ABOUT
This is the base implementation of a full crawler that uses a spacetime cache server to receive requests.
CONFIGURATION
Step 1: Install dependencies
If you do not have Python 3.6+:
Check if pip is installed by opening up a terminal/command prompt and typing the commands python3 -m pip. This should show the help menu for all the commands possible with pip. If it does not, then get pip by following the instructions at https://pip.pypa.io/en/stable/installing/
To install the dependencies for this project run the following two commands after ensuring pip is installed for the version of python you are using. Admin privileges might be required to execute the commands. Also make sure that the terminal is at the root folder of this project.python -m pip install packages/spacetime-2.1.1-py3-none-any.whl
python -m pip install -r packages/requirements.txt
Use this command to pip install BeautifulSoup4
MAC: sudo python3 -m pip install bs4
Step 2: Configuring config.ini
Set the options in the config.ini file. The following configurations exist.
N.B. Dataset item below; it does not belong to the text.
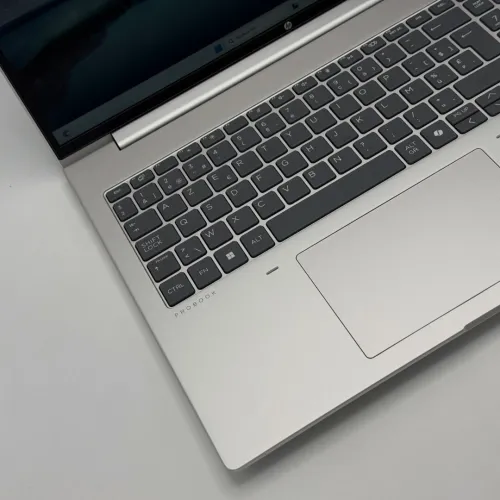 HP ProBook 465 G11 / Ryzen 5 7535U / 16Go DDR5 / 256Go SSD / 16 FHD+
USERAGENT: Set the useragent to IR F19 uci-id1,uci-id2,uci-id3. It is important to set the useragent appropriately to get the credit for hitting our cache.
HOST: This is the host name of our caching server. Please set it as per spec.
PORT: THis is the port number of our caching server. Please set it as per spec.
SEEDURL: The starting url that a crawler first starts downloading.
POLITENESS: The time delay each thread has to wait for after each download.
SAVE: Th